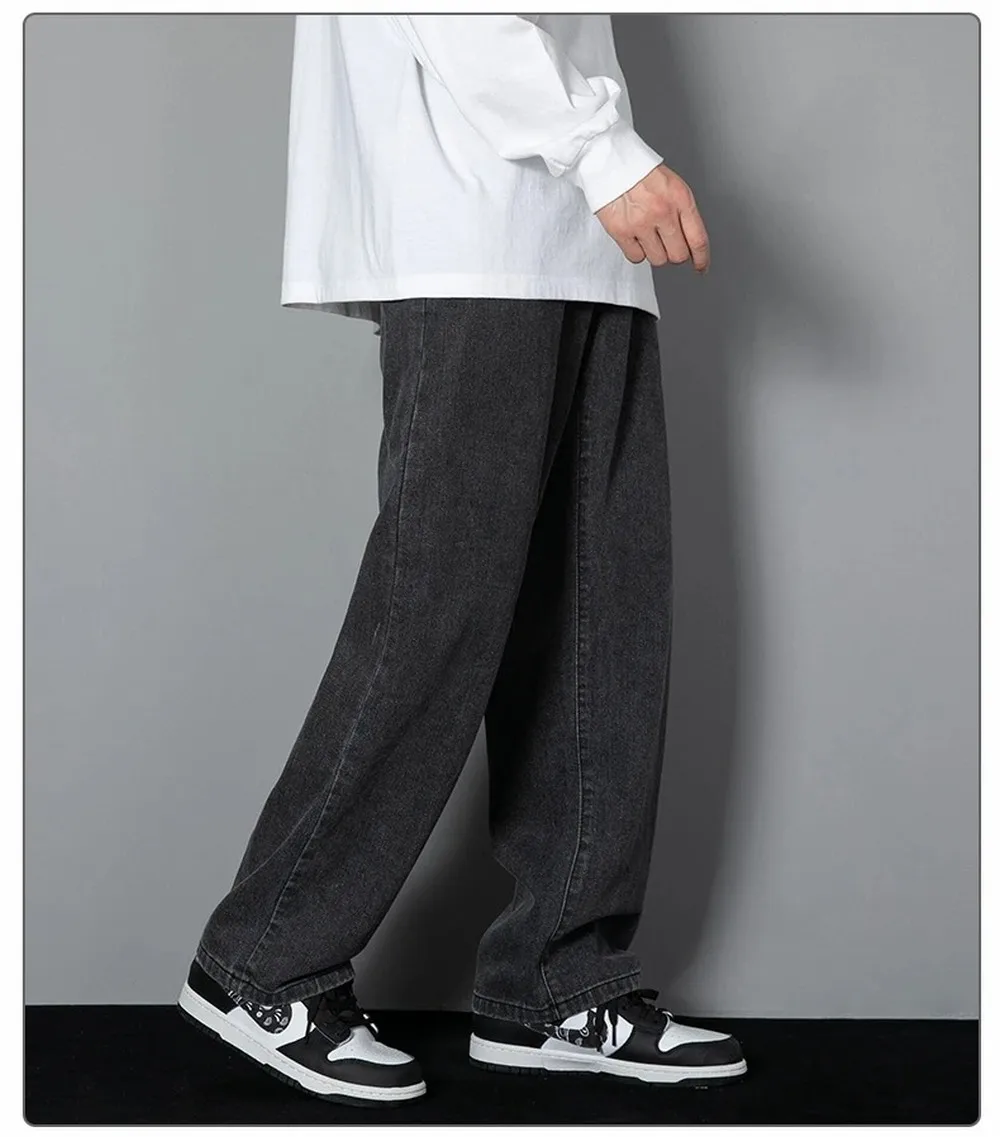 Korean Solid Colors Men's Casual Long Jeans Classic Man Four Seasons Straight Denim Wide-leg Pants Light Blue Grey Black 3XL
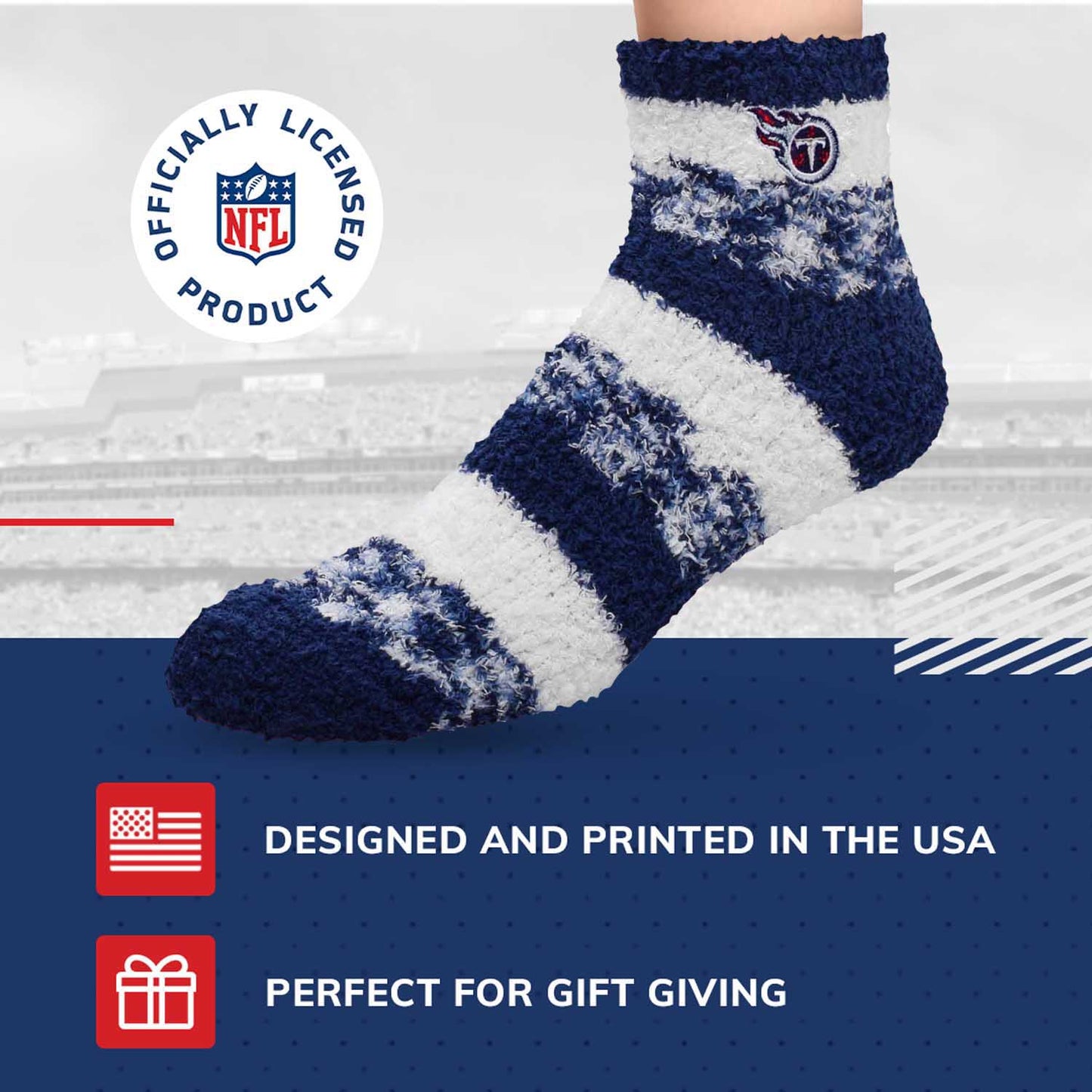Tennessee Titans NFL Cozy Soft Slipper Socks - Navy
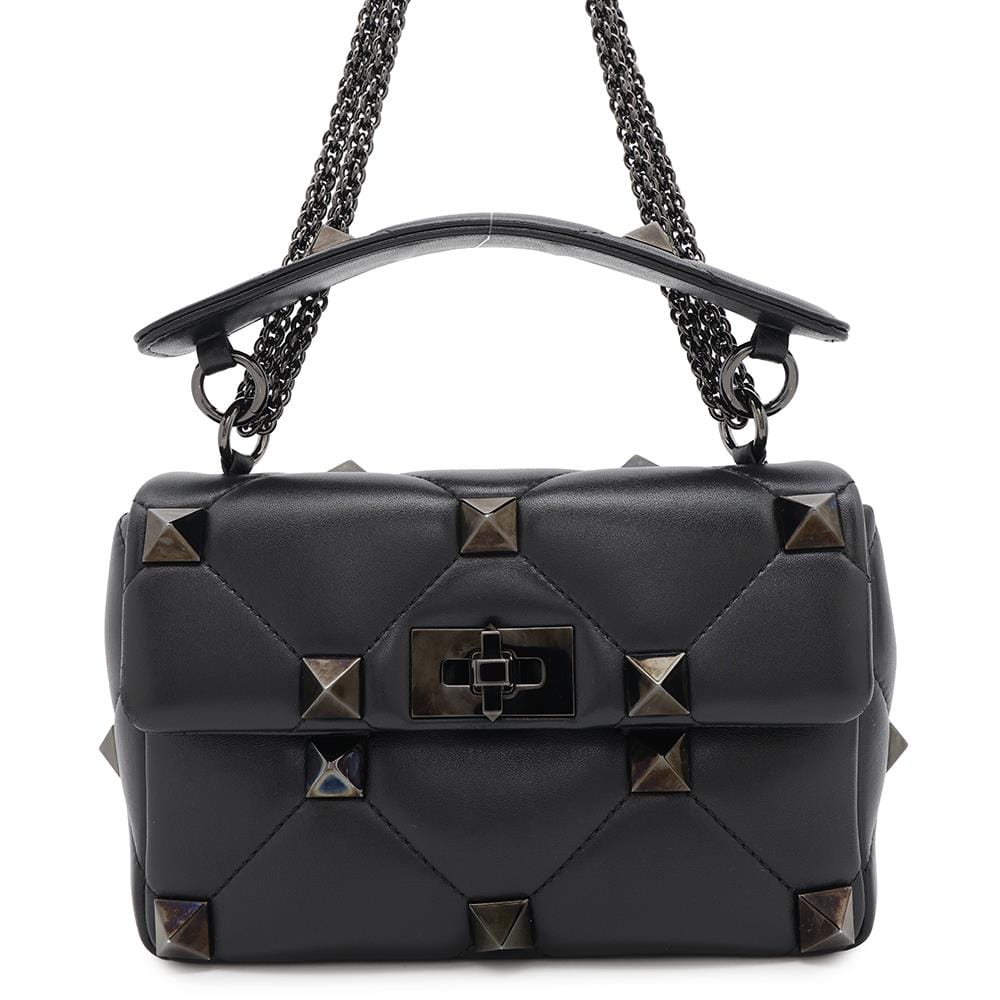 Valentino Garavani Roman Studded 2WAY Shoulder BlackWW2B0I82LWB Leather Size Medium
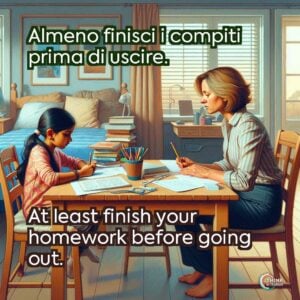 Almeno finisci i compiti prima di uscire.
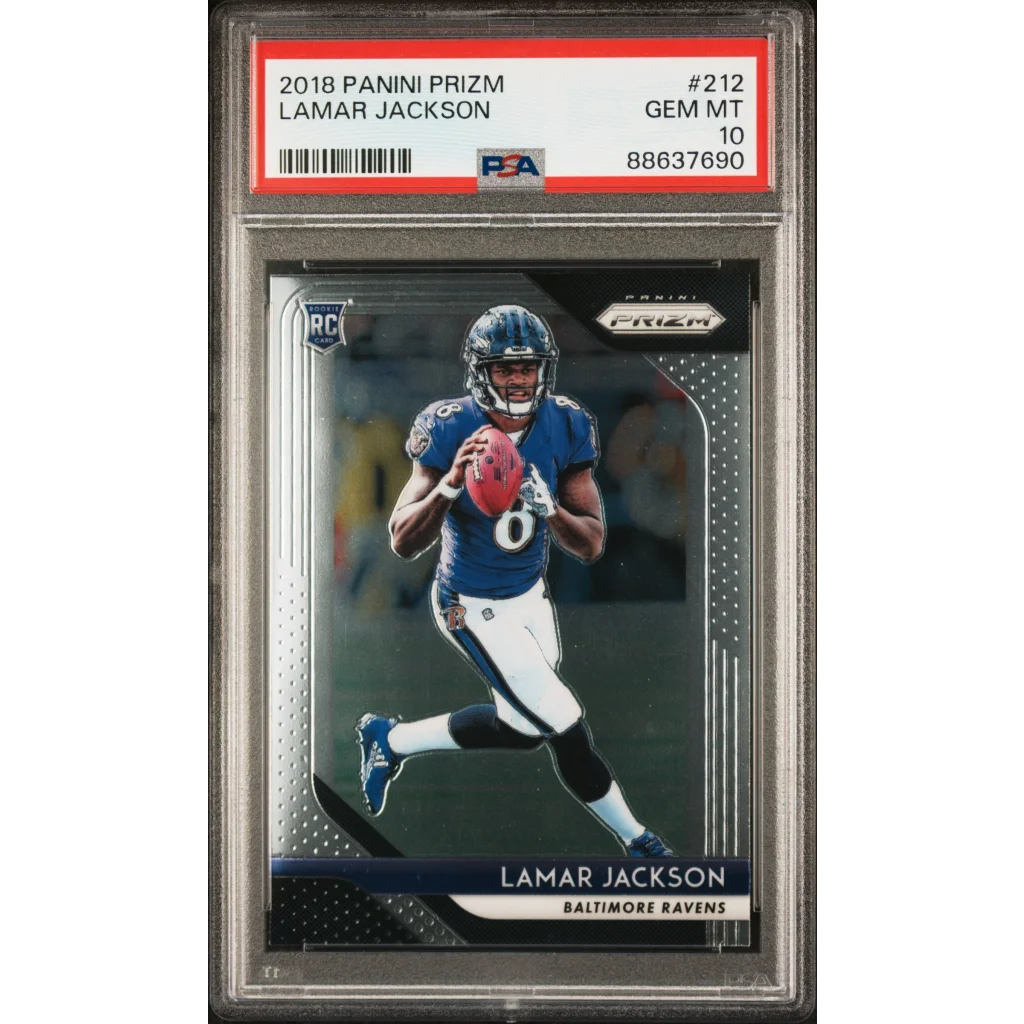 PSA graded 2018 Panini Prizm Lamar Jackson rookie football card on display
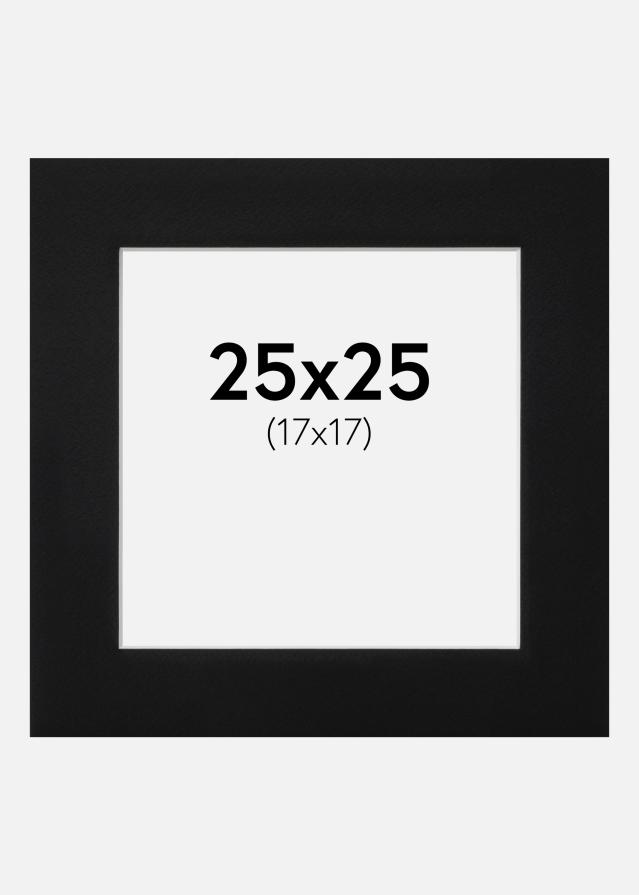 Paspartu Crno Standardni Bijeli unutarnji rub 25x25 cm (17x17)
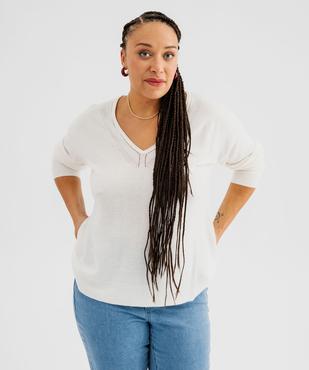 Pull col V en maille fine femme grande taille vue1 - GEMO (G TAILLE) - GEMO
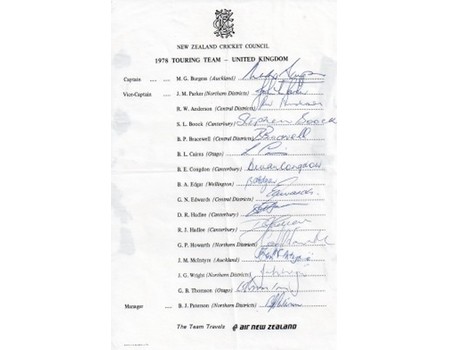 NEW ZEALAND TOUR OF ENGLAND 1978 (OFFICIAL TEAM SHEET)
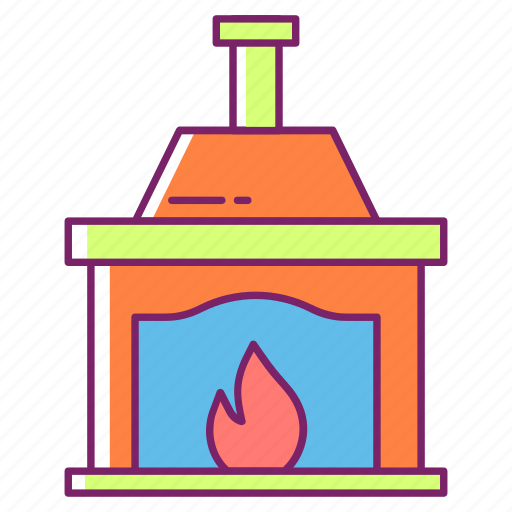 Chimneys, fire, heat, indoor, living room, wood logs icon - Download on Iconfinder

========================

Could you reproduce the data above exactly, without its pictures?

 Korean Solid Colors Men's Casual Long Jeans Classic Man Four Seasons Straight Denim Wide-leg Pants Light Blue Grey Black 3XL
Tennessee Titans NFL Cozy Soft Slipper Socks - Navy
 Valentino Garavani Roman Studded 2WAY Shoulder BlackWW2B0I82LWB Leather Size Medium
 Almeno finisci i compiti prima di uscire.
 PSA graded 2018 Panini Prizm Lamar Jackson rookie football card on display
 Paspartu Crno Standardni Bijeli unutarnji rub 25x25 cm (17x17)
 Pull col V en maille fine femme grande taille vue1 - GEMO (G TAILLE) - GEMO
 NEW ZEALAND TOUR OF ENGLAND 1978 (OFFICIAL TEAM SHEET)
 Chimneys, fire, heat, indoor, living room, wood logs icon - Download on Iconfinder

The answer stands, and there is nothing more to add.